◆ **Exercise requirements**
Search the listing for the string "Paperback". Copy every line that has it.

┌────────

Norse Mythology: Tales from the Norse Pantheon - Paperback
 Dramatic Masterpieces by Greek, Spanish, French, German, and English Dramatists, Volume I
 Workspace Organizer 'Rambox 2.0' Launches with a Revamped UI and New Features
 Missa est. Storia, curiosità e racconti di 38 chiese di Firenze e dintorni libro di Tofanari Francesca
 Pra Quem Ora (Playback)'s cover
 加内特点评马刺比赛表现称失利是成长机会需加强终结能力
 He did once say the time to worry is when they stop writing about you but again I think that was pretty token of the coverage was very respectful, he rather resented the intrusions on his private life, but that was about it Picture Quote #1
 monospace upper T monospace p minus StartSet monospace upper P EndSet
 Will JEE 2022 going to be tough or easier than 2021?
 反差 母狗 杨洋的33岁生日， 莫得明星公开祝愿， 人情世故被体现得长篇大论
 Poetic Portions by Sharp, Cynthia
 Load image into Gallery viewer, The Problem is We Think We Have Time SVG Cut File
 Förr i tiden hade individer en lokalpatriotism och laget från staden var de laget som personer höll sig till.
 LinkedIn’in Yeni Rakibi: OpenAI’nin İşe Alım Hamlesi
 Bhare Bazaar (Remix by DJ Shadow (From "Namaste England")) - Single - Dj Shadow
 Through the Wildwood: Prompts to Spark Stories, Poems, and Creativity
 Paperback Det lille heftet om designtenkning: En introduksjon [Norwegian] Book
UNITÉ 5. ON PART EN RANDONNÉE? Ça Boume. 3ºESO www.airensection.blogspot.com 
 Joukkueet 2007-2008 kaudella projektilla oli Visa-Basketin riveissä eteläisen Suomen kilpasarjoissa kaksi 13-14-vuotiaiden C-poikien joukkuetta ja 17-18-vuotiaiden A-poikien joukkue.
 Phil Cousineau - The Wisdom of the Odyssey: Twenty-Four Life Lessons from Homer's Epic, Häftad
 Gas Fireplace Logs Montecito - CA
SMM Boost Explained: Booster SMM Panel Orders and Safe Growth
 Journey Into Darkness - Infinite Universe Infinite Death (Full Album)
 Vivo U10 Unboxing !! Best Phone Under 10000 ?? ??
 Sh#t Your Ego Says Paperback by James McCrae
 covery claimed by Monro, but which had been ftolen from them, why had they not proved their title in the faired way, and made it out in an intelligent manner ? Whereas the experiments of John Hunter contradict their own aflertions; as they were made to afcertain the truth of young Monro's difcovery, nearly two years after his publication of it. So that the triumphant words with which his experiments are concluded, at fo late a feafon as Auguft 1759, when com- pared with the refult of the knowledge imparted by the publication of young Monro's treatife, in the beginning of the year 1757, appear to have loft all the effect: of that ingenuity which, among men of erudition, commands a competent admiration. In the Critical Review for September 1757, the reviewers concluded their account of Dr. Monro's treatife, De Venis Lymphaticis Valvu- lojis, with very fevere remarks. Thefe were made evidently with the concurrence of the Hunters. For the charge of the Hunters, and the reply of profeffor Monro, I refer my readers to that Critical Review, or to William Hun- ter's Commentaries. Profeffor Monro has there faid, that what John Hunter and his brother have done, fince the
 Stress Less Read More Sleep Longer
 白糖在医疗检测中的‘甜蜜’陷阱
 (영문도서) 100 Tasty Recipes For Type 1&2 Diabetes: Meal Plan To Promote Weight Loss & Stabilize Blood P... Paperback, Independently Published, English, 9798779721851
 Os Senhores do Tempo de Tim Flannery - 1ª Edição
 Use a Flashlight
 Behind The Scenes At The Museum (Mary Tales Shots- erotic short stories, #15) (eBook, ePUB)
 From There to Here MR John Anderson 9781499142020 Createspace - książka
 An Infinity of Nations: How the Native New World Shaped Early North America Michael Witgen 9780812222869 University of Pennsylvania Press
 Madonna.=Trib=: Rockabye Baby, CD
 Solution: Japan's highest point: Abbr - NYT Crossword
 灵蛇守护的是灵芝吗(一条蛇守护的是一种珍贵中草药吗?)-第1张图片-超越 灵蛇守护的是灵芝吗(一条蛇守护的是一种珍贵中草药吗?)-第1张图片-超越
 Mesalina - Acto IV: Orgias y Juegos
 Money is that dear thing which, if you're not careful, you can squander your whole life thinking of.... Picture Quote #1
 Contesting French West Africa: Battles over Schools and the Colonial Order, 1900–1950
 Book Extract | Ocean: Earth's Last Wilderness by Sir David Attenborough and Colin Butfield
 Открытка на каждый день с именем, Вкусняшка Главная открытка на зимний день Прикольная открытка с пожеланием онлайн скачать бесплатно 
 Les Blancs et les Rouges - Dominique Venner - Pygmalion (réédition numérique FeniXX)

└────────

◆ **Answer below**
Norse Mythology: Tales from the Norse Pantheon - Paperback
 Paperback Det lille heftet om designtenkning: En introduksjon [Norwegian] Book
 Sh#t Your Ego Says Paperback by James McCrae
 (영문도서) 100 Tasty Recipes For Type 1&2 Diabetes: Meal Plan To Promote Weight Loss & Stabilize Blood P... Paperback, Independently Published, English, 9798779721851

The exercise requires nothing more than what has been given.